Short descriptive text snippets

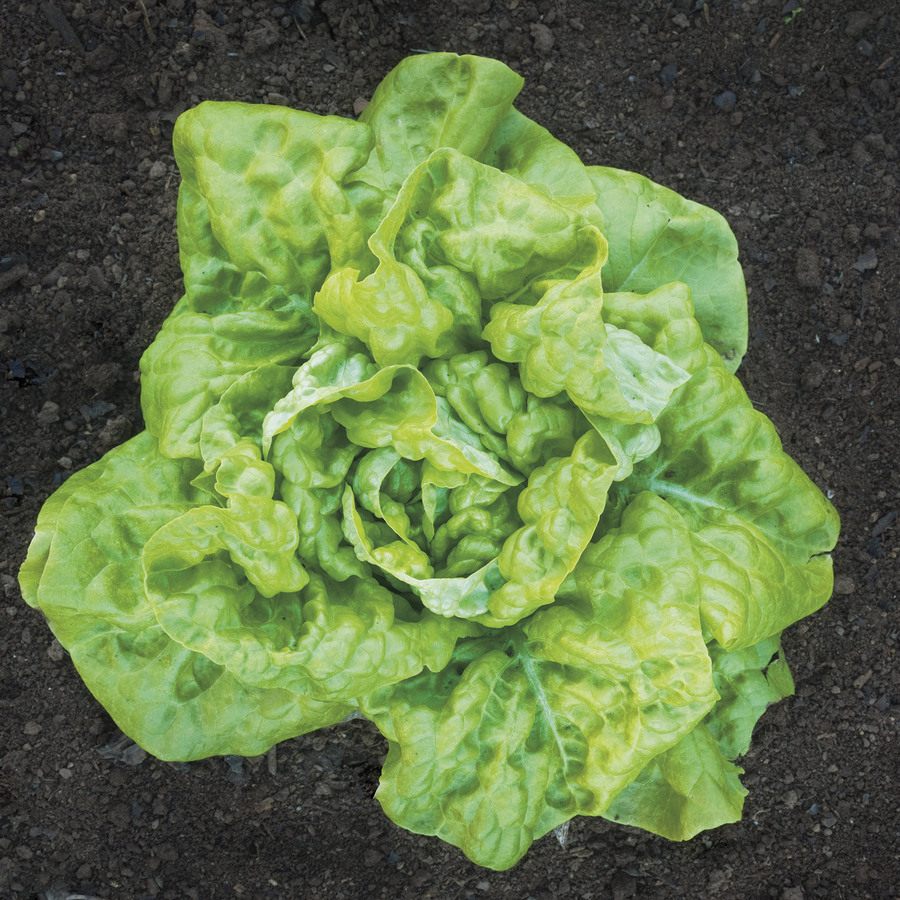 Tennis Ball  Lettuce Seeds (Lactuca sativa cv.)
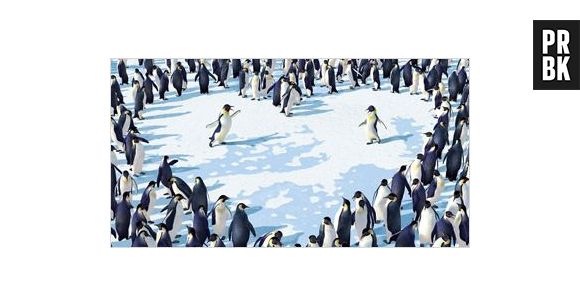 A vibe de "Happy Feat" e suas canções encantou o mundo inteiro. E merecidamente foi o mais votado pela academia em 2007. 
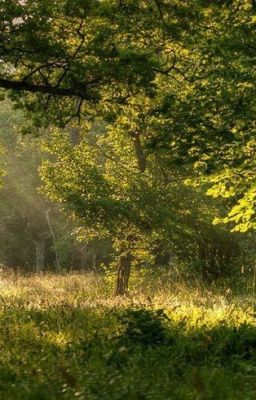 Gặp em giữa cánh đồng hoa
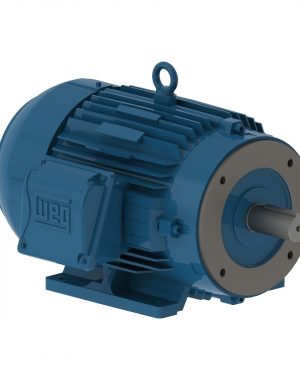 00736ET3H184TC-W22 WEG AC Motor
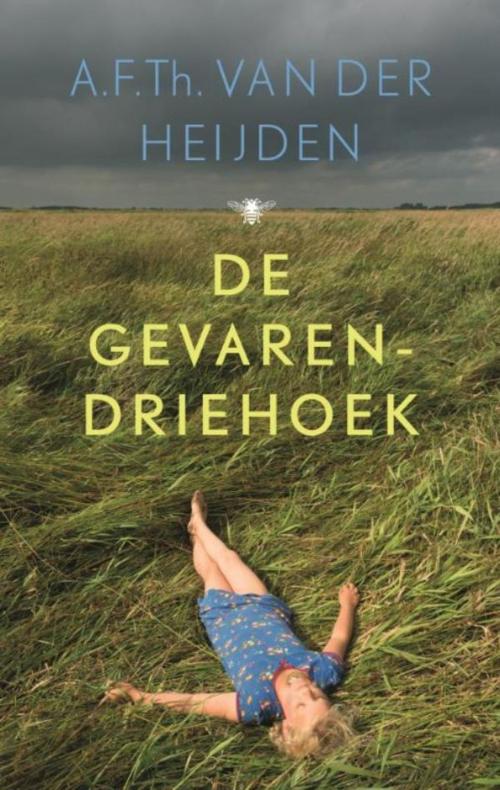 Cover of the book De gevarendriehoek by A.F.Th. van der Heijden, Singel Uitgeverijen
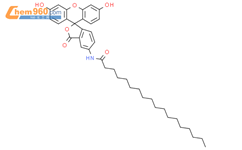5-(十八酰基氨基)荧光素荧光用结构式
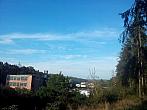 Borovina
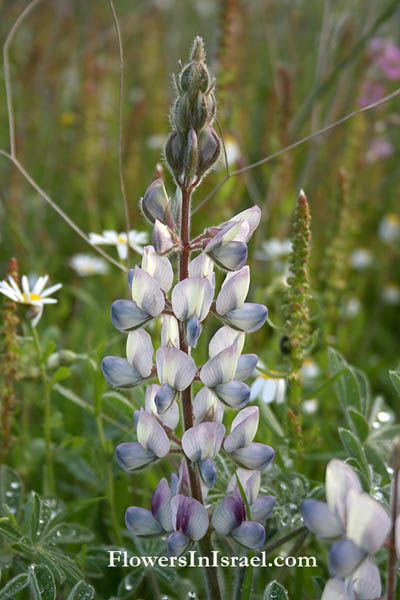Wild flowers in the Holy Land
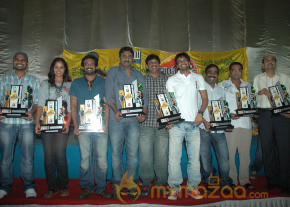 'Bumper Offer' Triple Platinum Disc Function  photo 12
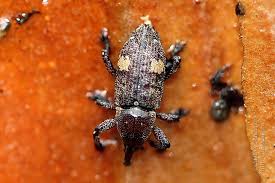 Attēlu rezultāti vaicājumam “Pissodes castaneus”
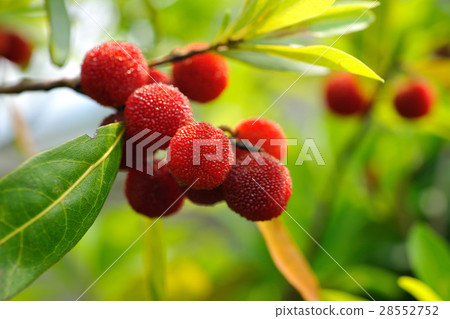 Tree plum, bayberry, crop 28552752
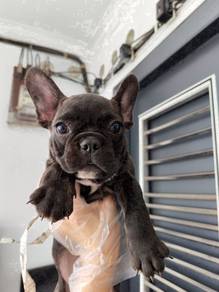 French bull dog brindle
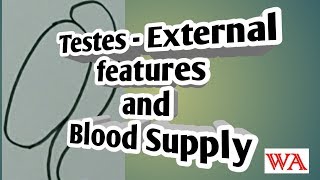 Testes  External Features and blood supply World of Anatomy [upl. by Nede]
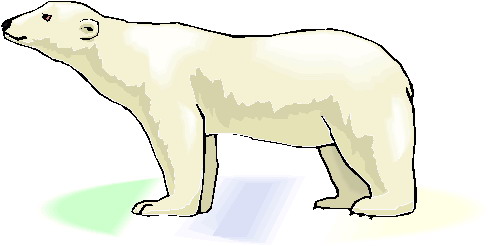 Polar bears clip art - Clipart Polar Bear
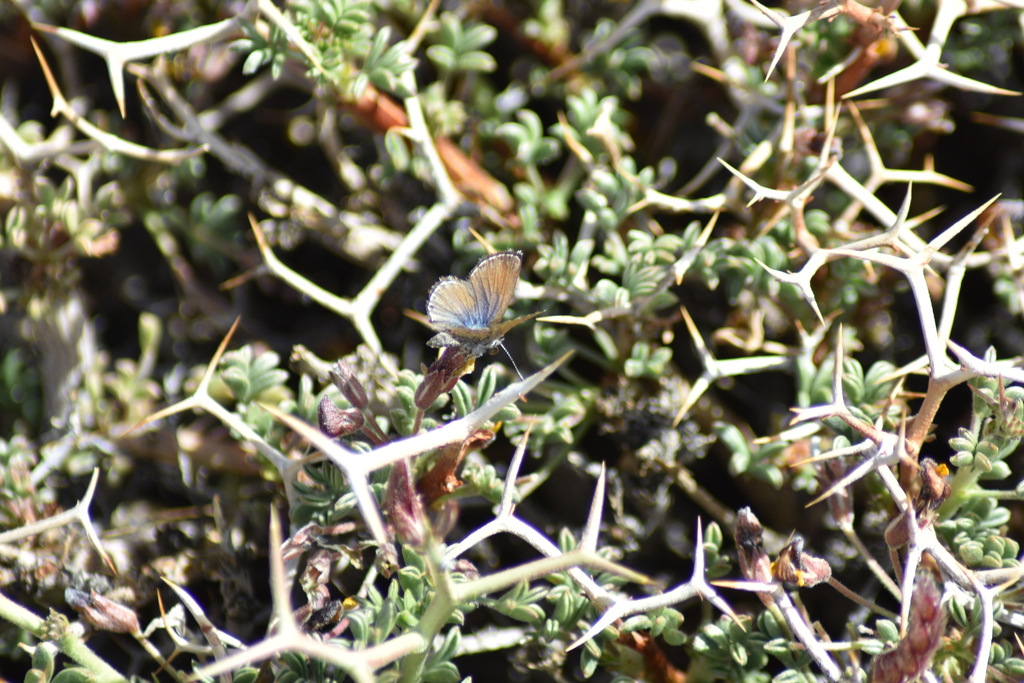 Pseudolucia maricunga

**To do**
Make an exact copy of the records from their first line through the line containing "00736ET3H184TC-W22 WEG AC Motor", both ends included, with the pictures omitted.

**Solution**
 Tennis Ball  Lettuce Seeds (Lactuca sativa cv.)
 A vibe de "Happy Feat" e suas canções encantou o mundo inteiro. E merecidamente foi o mais votado pela academia em 2007. 
 Gặp em giữa cánh đồng hoa
 00736ET3H184TC-W22 WEG AC Motor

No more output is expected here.